Salió resuelta de la Facultad, pasó por un agro, compró todo el vegetal que pudo y se montó satisfecha en un P-12 repleto de hombres sudados y mujeres desmaquilladas que volvían a su casa después de una jornada de trabajo. Los miró detalladamente y los vio tan campantes y alegres con sus abdómenes abultados y grasientos que pensó, para infundirse un poco de autoestima, que lo de ella no era grave. Sin querer, su vista se posó particularmente en un gordo que ostentaba cinco centímetros de barriga blanca y «desmerengada», al descubierto, porque el anchísimo pulóver no alcanzaba para cubrirla completa, y pensó entonces en la relatividad de la felicidad.

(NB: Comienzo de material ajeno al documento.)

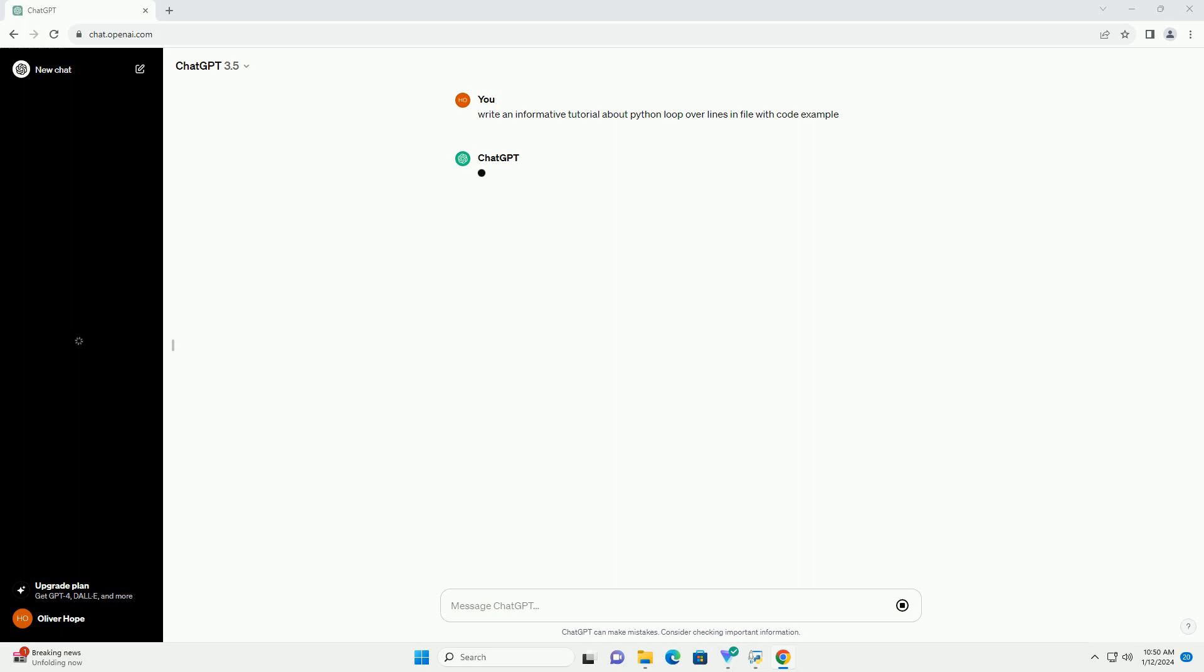Step 1: Opening a File in Python. Before we can loop over the lines in a file, we need to open the file. Python provides the open function for this purpose. Here's an example: The with statement is used here to ensure that the file is properly closed after the block of code is executed. This is a good practice to avoid resource leaks.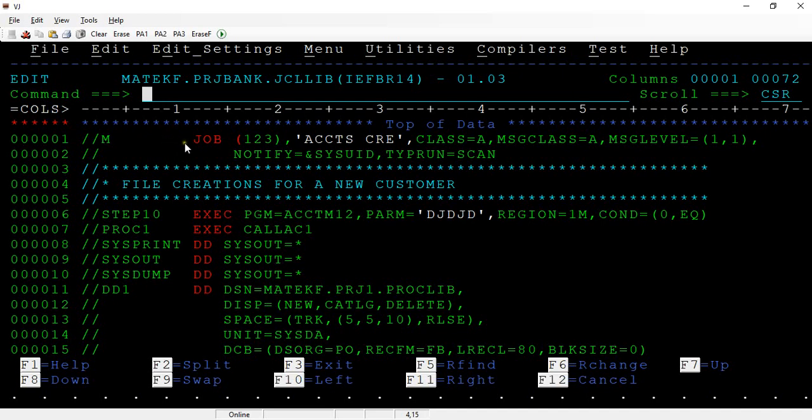This is a smart way to answer the question. Sometimes the interviewer will intentionally try to confuse you, and you may change your answer to six bytes or seven bytes. No, don't get confused. The answer is straight - eight bytes.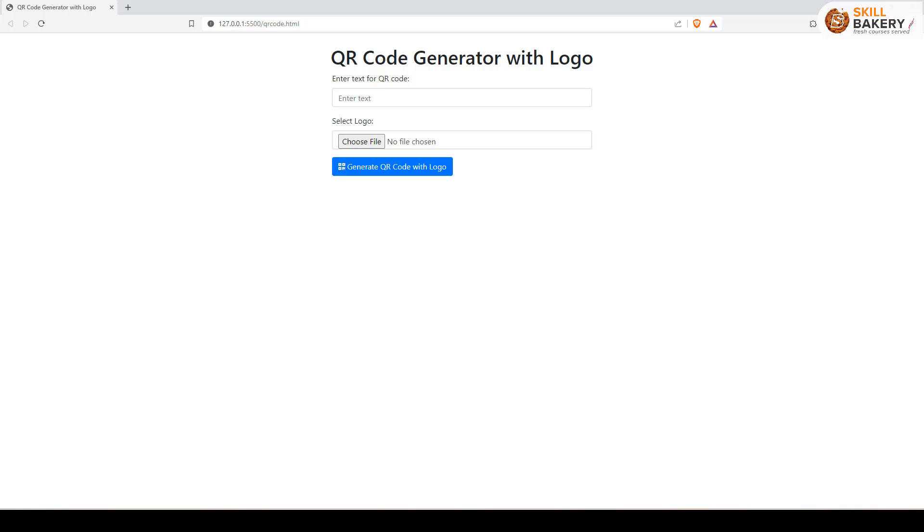Welcome to our tutorial on creating a QR code with a branded logo. In this video, we'll show you how to generate a QR code using HTML, JavaScript, Bootstrap and Font Awesome. We'll also walk you through the process of adding your own logo to make the QR code unique. Let's get started.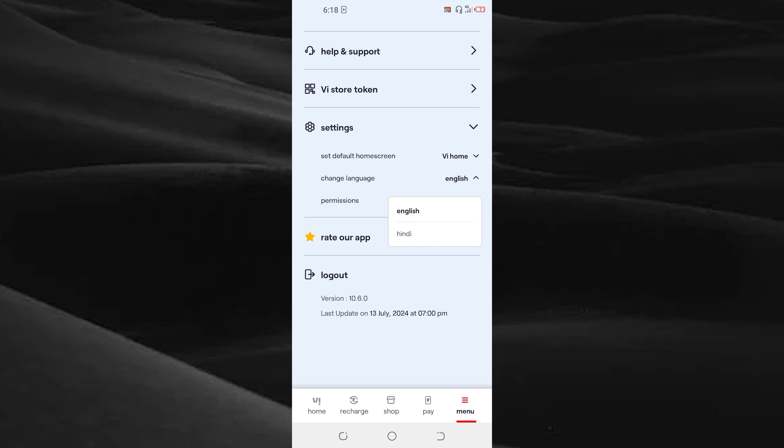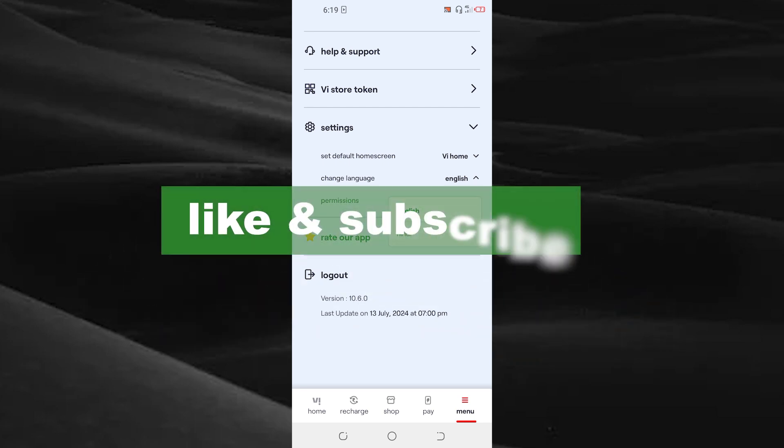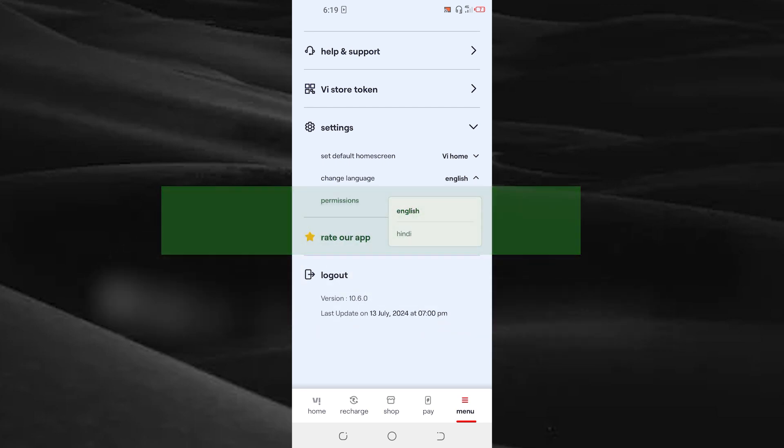As an Indian citizen, you can opt your own language in your country. By doing this, you can change the language of your VI app. If you found this video useful, please do like and subscribe. Thanks for watching.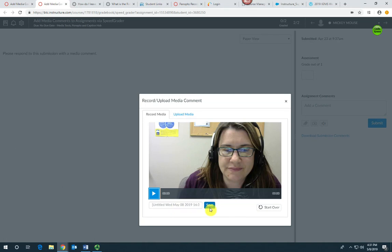You can give it a title if you want. If you just leave it, it'll have the date and time the comment was left.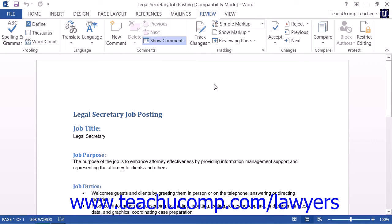One of the most commonly performed tasks in the legal profession is creating a legal blackline document. When you create a legal blackline document, which is also often called redlining or comparing documents, you examine two documents within Microsoft Word to show only the content that has changed between the two copies in a third, separate document. Many legal professionals use this feature when reviewing contracts to note the revisions that have been made between two copies of the contract.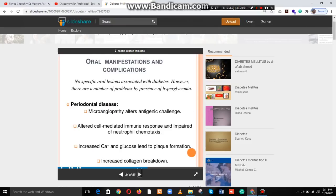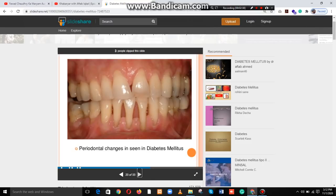There is no specific oral lesion directly associated with diabetes; however, a number of problems are present due to hyperglycemia, including periodontal disease, microangiopathy, altered antigenic challenge, altered cell-mediated immune response, and impaired neutrophil chemotaxis. Increased calcium and glucose lead to plaque formation and increased collagen breakdown, resulting in periodontal changes seen in diabetes mellitus.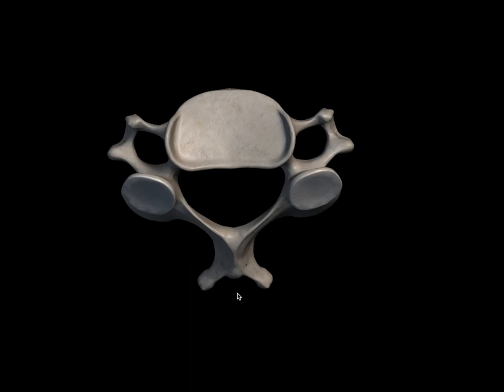That's all about the features of a typical cervical vertebra. Thank you so much for watching the video. Please do like, share, comment and subscribe.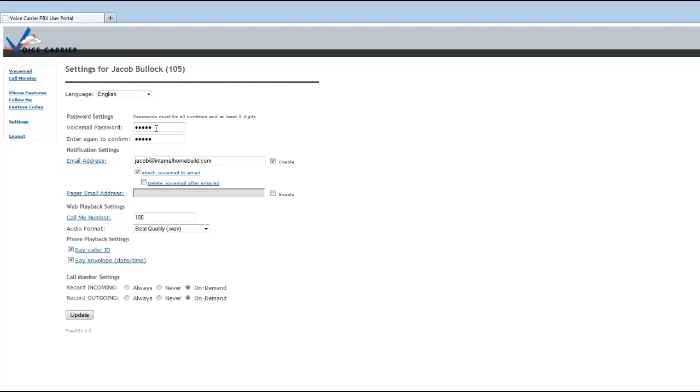if you change the voicemail password here, that means it's going to change the password on your user portal as well as in your phone. And the keypad you'll have to use will be this new voicemail password that you've entered here to get your voicemail to email.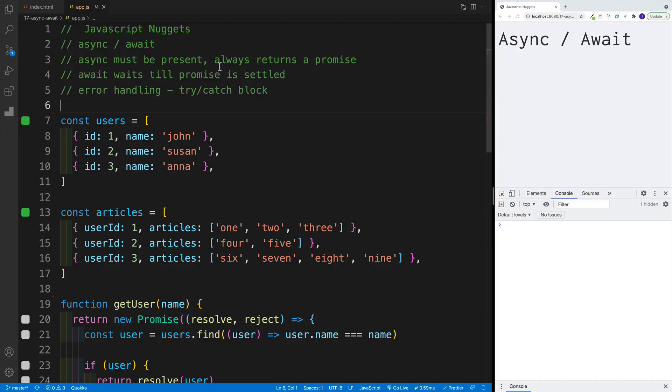What's up everybody, this is John from Coding Addict, and welcome to another JavaScript Nuggets video. In this video, we'll continue discussing asynchronous code, and more specifically, how to use async/await.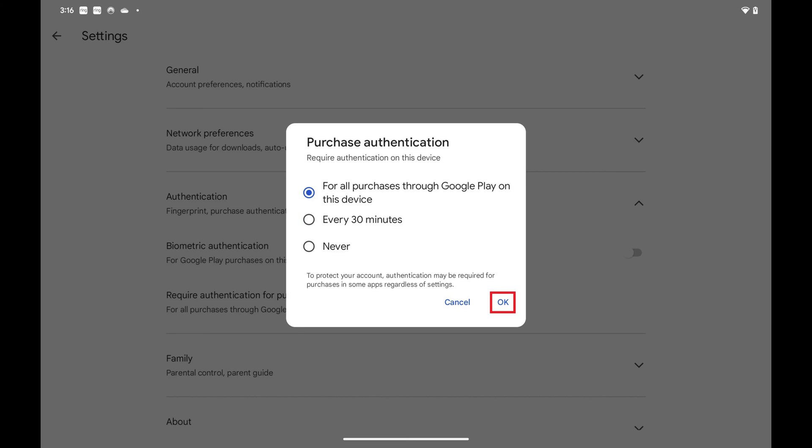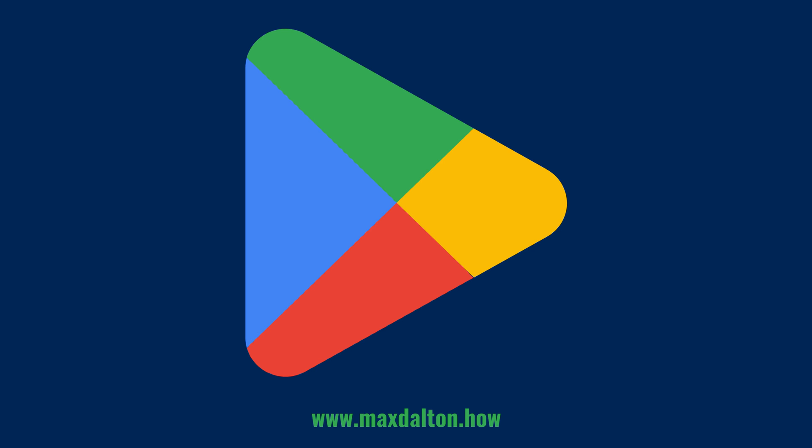Authentication will be required for Google Play Store purchases going forward in line with your selection. Let me know if this video helped you out in the comments below. If you liked what you saw here, click the video links on the right side of the screen to check out another video, or click the logo on the left side of the screen to check out my tutorial website at www.maxdalton.how.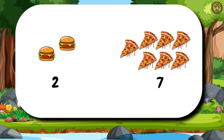Then, we have 2 burgers and 7 pizza slices. Tell me, which sign will come here for less than? That's right. Here, we will use this sign for less than.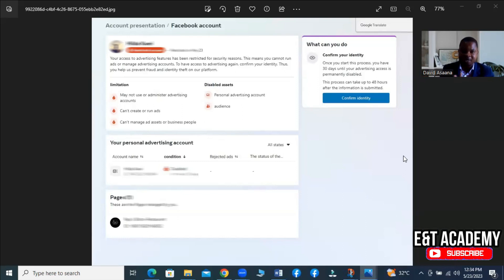Hello and welcome to this channel. If you have a restriction just exactly like what you're seeing on the screen, I will take you through a step-by-step process of how to get it resolved.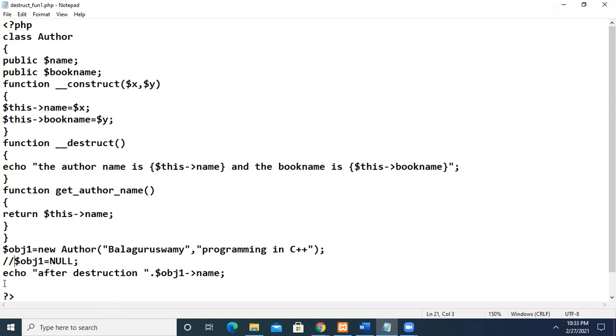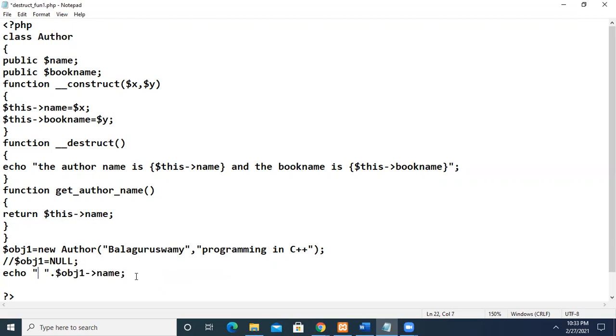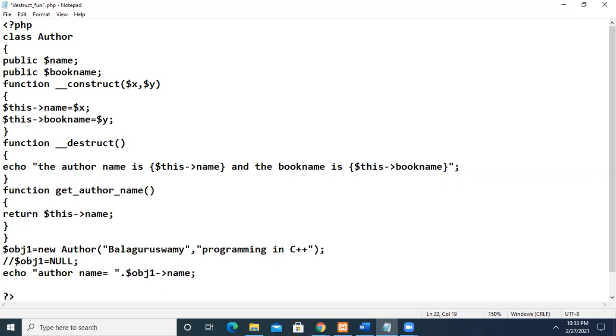Now we have an echo statement where we have printed the value. For example, author name. So this prints the author name.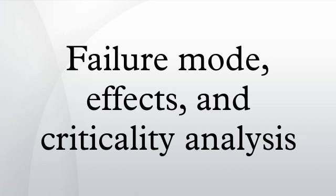FMEA is a bottom-up, inductive analytical method which may be performed at either the functional or piece part level.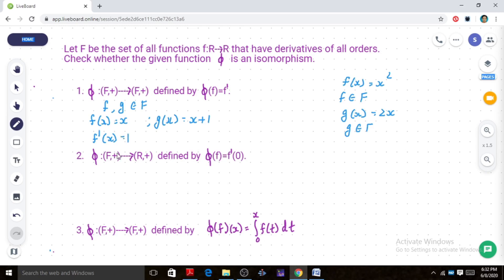For f(x) = x, the derivative f prime of x is 1 — a constant map equal to 1. For g(x) = x + 1, the derivative g prime of x is also 1. So f prime and g prime are the same. Since two distinct functions f and g map to the same image under phi, phi is not one-to-one, and therefore phi is not an isomorphism.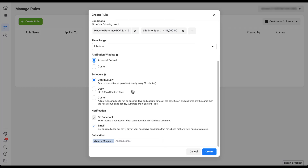The next thing we get to do is schedule how often these rules will run. Facebook's default option is to run the rule continuously, which means it runs as often as it possibly can — usually about every 30 minutes — and just keeps checking if any portion of your account meets the criteria. For our example with lifetime spend and purchase ROAS of three, running continuously makes good sense because it's always trying to find an ad set that has spent over $1,000 in its lifetime and is not meeting the minimum ROAS — it'll turn it off as soon as it sees it, even right at the $1,001 mark.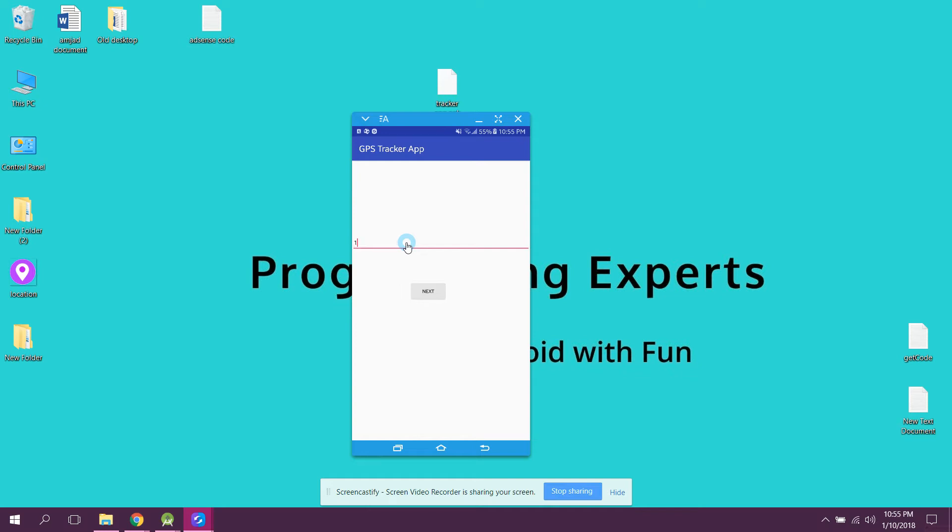So I can say 1 2 3 4 5 6 and I click on next. Now it is saying that password should be greater than or equal to 6, so I can say 1 2 3 4 5 6 7.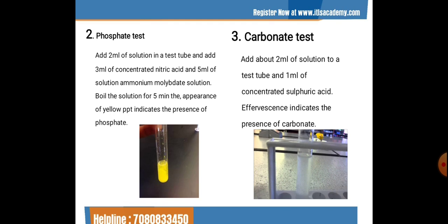For the phosphate test, add 2 ml of solution in a test tube, then 3 ml of concentrated nitric acid and 5 ml of ammonium molybdate solution. Boil for 5 minutes — the appearance of a yellow precipitate confirms the presence of phosphate ions, which are responsible for the alkalinity of the water. For the carbonate test, add 2 ml of solution to a test tube and 1 ml of concentrated sulfuric acid — if effervescence is evolved, it indicates the presence of carbonate.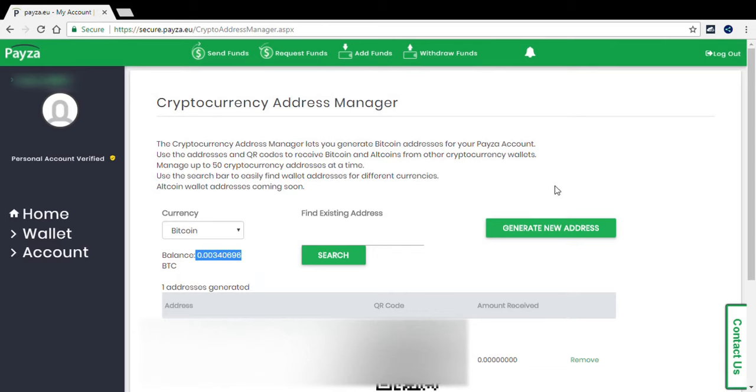Thanks for watching everyone and I hope this video helped you guys to see whether or not PESA will exchange into Bitcoin.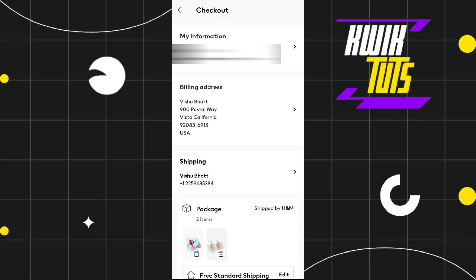Now over here, if you scroll down a bit, you are going to see this My Addresses tab. Over here, you will have to tap on this Edit button right next to it, and then you will be redirected to this page where you are going to see the option of Add New Address.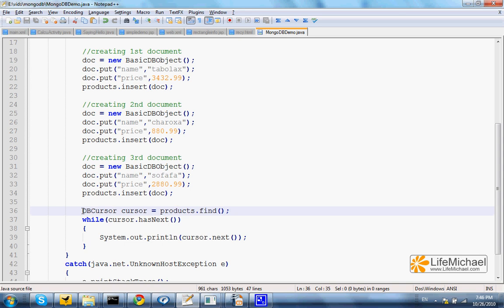Using a DBCursor object, we iterate the documents the product collection holds and print out to the screen each one of them.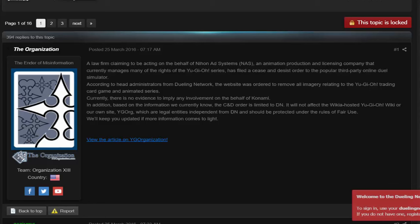Well, the date was March 25th, 2016, the day that thousands of people's dreams got crushed over the internet, the day the Dueling Network got a C&D order filed against it.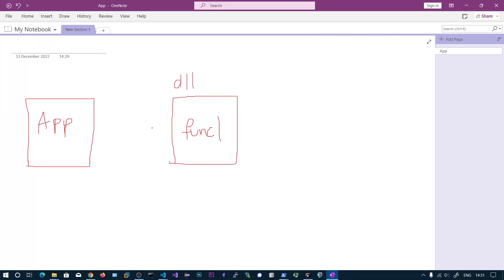In this video we will be seeing how to forward our DLL export functions to another DLL. In the previous video we have seen how to generate the DLL with the exported functions. If you have not watched that video, I highly suggest you watch it first.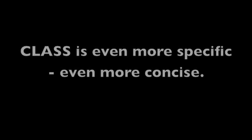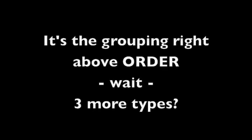Class is even more specific, even more concise. It's the grouping right before Order. Wait, three more types.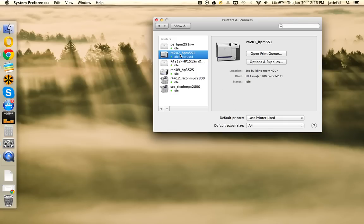When you go to print from any document type, Word document, PowerPoint, this printer should be on your list.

Todavía estaba dándole vueltas a esos pensamientos cuando la guagua paró justo en el semáforo donde ella siempre le pedía al chofer que le abriera la puerta y el hombre, que ya la conocía, le hizo señas dando palmadas y un gesto de hasta cuándo, mi’jita, para que se apurara. Dando tumbos con la jaba en la mano derecha y la cartera apretujada entre el seno izquierdo y la parte posterior del brazo, bajó alocadamente gritando un «Gracias, chófer» que, posiblemente, el conductor ni escuchara.

Cruzó la calle, apuró el paso, pero seguía pensando en lo mismo, y en que el 2020 no la podía ver en el mismo estado de abandono personal, que si los hombres se fijan en eso, y en lo mala que está la calle y en que hay que cuidar lo que se tiene, aunque tu marido no haga chistes sobre las grasitas que te sobran o el pantalón que casi no te cierra. «¡Por Dios, tengo que volver a empezar a hacer la dieta hoy!», se dijo ya abriendo la reja de la casa.

Y allí, en su propia casa, parecía que le estaban probando su fortaleza mental, su capacidad de determinación, su equilibrio emocional. Cuando cerró la puerta tras sí y soltó la cartera y la jaba encima de la mesa, de detrás de una columna aparecieron el esposo y la hija gritando: «¡Sorpresaaaa!», con una pizza familiar y un pomo de refresco de cola en las manos.

«Mira, mi florecita, para que no tengas que cocinar hoy». No sabe si lo miró con odio, si le gritó algo o se limitó a farfullar entre dientes lo que estaba sintiendo en ese momento. No puede — o no quiere — recordar. Dicen que el rostro se le puso tan rojo que parecía que iba a explotar y después de unos segundos rompió en llanto, un llanto que llegaba y se iba de pronto, y que le costó unos cuantos meses superar, hasta que comprendió que la culpa no era del marido que le compraba pizzas para tener un detalle romántico, ni de los alumnos que le llevaban refrescos para que merendara entre una clase y otra como gesto de agradecimiento, ni de ella misma que se zampaba un pan con jamón y queso o una hamburguesa cuando se le quedaba el pozuelo de la comida encima de la mesa de la cocina, o de Coppelia por tener variedad de sabores después de la reapertura, o del flan riquísimo que ella misma había hecho para que la niña merendara…

La culpa estaba escondida entre los puestos de los agromercados, donde una chica como ella, tan profesional, tan científica, tan profesora y taaaan gordita, iba a comprar frutas para tener merienda sana y dietética en la semana y solo encontraba guayaba y frutabomba — la primera prohibida para ella por el estreñimiento, y la segunda jamás le había gustado si no era en dulce con bastante almíbar — .

La culpa la tenían tantos cuentapropistas con sus cafeterías coloridas y limpiecitas donde todo el carbohidrato de Cuba le gritaba desde las vidrieras o los menúes: «¡Cómprame, cómeme!». ¿Por qué no vendían un pedazo de piña en cada esquina, o un coctel de frutas, o un jugo natural con poca azúcar?

Después de aquel ataque de llanto — o de pánico frente a una pizza — ella estaba casi segura de que la culpa no era suya y que como era más fácil encontrar todas las tallas L que una quisiera en vez de comida baja en calorías, lo mejor era tirar las armas y optar por otra talla de blusa y pantalón. «Más claro, ni el agua: este no es país para flacas», se dijo mientras se comía entretenidamente una galleta rellena con crema y terminaba otro ensayo que le habían encargado de la revista para la cual colaboraba.